Но чем же таким особенным был всегда газетный материал за подписью Инны Руденко? Тем, что он был опорой. Для многих опорой! Бежишь, бредешь, сомневаешься в себе, в жизни, в своих воззрениях на жизнь, и тут — Руденко, которая согласна с твоими, скрытыми от других, мыслями. Прекрасно. Можно жить дальше.

И всё же не будоражащая информация была главным в статьях Инны Павловны, а ее вроде бы наивный комментарий к произошедшему. Ее как бы недоумевающие размышления: как же это? Если по совести, должно быть вот так. А люди — носители совести, отличающей хомо сапиенс от животных, — поступили иначе. Почему?

Кому она задавала свои вопросы? Воздуху? Богу? Власти?

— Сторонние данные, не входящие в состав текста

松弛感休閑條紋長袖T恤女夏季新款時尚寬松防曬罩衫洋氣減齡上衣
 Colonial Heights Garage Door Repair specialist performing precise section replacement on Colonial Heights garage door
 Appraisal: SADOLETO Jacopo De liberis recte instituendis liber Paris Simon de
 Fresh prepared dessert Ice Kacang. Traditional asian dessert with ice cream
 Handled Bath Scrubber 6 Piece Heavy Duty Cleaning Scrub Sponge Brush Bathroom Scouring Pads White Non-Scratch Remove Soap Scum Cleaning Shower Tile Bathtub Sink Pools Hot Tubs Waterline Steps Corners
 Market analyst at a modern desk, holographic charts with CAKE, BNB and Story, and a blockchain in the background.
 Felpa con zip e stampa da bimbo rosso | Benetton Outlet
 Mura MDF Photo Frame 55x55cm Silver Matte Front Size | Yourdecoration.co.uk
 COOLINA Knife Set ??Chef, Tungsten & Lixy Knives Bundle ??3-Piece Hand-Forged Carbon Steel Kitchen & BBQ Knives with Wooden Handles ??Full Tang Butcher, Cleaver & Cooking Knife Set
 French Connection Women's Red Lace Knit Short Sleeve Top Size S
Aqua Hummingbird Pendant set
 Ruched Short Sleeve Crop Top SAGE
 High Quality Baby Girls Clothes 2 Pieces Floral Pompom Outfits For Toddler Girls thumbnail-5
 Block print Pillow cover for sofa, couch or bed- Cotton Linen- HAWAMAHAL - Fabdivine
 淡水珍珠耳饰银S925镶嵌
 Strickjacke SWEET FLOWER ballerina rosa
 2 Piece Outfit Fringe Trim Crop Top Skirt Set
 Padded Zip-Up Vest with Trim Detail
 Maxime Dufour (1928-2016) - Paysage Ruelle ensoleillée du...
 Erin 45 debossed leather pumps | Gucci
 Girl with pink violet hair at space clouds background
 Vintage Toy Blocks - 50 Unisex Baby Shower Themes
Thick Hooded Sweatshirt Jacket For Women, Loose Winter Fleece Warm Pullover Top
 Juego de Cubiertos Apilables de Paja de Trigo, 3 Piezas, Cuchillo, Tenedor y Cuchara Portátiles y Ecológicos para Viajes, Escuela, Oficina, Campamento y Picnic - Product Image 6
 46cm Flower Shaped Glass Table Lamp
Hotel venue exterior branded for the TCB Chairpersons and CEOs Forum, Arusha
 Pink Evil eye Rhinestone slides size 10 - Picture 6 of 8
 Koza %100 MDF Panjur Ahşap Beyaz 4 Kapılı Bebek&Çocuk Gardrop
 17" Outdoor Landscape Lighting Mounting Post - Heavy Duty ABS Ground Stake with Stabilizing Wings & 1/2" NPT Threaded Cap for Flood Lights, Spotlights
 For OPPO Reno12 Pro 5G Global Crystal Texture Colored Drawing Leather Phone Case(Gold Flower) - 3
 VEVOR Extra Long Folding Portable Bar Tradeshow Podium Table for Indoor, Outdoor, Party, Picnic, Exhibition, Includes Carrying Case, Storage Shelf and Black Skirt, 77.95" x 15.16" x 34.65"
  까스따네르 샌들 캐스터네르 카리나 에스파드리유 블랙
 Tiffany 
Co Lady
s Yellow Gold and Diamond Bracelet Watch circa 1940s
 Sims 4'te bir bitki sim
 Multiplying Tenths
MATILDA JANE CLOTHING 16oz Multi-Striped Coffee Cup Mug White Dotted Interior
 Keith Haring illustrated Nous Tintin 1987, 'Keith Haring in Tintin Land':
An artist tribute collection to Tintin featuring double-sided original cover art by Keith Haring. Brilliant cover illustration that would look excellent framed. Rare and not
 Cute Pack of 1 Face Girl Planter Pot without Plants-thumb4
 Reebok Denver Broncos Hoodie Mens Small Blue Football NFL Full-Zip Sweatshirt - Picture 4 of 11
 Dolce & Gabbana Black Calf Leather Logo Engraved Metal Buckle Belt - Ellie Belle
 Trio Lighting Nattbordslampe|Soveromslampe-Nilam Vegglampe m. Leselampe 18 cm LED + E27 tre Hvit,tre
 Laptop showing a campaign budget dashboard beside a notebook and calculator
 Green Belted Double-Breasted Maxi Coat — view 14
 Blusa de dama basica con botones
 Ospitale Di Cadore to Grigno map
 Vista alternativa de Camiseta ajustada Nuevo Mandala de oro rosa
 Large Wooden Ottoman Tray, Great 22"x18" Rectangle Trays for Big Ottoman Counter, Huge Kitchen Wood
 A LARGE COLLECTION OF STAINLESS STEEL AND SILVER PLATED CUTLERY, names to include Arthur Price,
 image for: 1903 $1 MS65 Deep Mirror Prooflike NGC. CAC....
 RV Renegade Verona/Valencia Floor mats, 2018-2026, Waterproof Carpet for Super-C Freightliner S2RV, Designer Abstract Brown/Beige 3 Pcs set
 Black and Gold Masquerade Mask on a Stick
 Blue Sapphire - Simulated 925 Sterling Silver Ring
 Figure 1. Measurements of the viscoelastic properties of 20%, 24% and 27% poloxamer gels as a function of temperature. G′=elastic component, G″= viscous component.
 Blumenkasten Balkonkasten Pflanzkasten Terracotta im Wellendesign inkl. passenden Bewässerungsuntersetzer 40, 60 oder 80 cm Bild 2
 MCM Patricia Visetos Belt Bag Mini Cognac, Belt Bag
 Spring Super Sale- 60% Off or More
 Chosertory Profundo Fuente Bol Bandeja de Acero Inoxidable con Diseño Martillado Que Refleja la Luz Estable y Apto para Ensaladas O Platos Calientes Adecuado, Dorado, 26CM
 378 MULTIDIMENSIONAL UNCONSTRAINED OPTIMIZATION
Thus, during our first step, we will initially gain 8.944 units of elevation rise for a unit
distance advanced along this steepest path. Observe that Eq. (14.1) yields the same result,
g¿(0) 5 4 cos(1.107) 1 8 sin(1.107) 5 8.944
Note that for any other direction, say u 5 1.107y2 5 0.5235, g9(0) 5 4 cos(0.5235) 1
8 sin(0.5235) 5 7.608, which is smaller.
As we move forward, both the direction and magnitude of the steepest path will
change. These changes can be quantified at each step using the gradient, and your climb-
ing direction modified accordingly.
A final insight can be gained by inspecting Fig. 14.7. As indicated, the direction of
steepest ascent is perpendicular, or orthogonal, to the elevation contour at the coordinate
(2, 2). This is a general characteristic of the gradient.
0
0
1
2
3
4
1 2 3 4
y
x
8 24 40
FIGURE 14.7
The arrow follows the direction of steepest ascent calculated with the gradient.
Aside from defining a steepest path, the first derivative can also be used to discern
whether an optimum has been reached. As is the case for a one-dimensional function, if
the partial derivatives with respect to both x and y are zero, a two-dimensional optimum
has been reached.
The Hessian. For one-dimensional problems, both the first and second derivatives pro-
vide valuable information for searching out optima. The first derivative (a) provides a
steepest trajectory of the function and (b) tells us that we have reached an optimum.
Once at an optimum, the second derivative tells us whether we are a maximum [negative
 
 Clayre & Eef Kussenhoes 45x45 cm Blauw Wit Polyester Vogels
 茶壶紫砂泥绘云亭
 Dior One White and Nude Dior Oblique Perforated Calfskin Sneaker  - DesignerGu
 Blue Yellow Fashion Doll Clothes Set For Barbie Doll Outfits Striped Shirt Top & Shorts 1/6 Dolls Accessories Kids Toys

Поскольку эти солидные инстанции ответить не могли, Инна Павловна незаметно для читателей брала в соавторы и ответчики их же самих. Даже остепененному филологу никогда не удастся разобраться, какими глаголами, с помощью каких убедительных существительных, местоимений, прилагательных, обладающих смыслом, она это делала — но делала. Читатель порой становился начинающим философом после прочтения статей Руденко и рос, и становился мудрее.

Всю жизнь — в «Комсомолке». Собкором в Сталинграде, редактором отдела школ и вузов в Москве, спецкором, обозревателем… Она была одной из лучших журналисток Союза. Можно к этому привыкнуть? Забронзоветь? Запросто. Бронзы в стране хватит.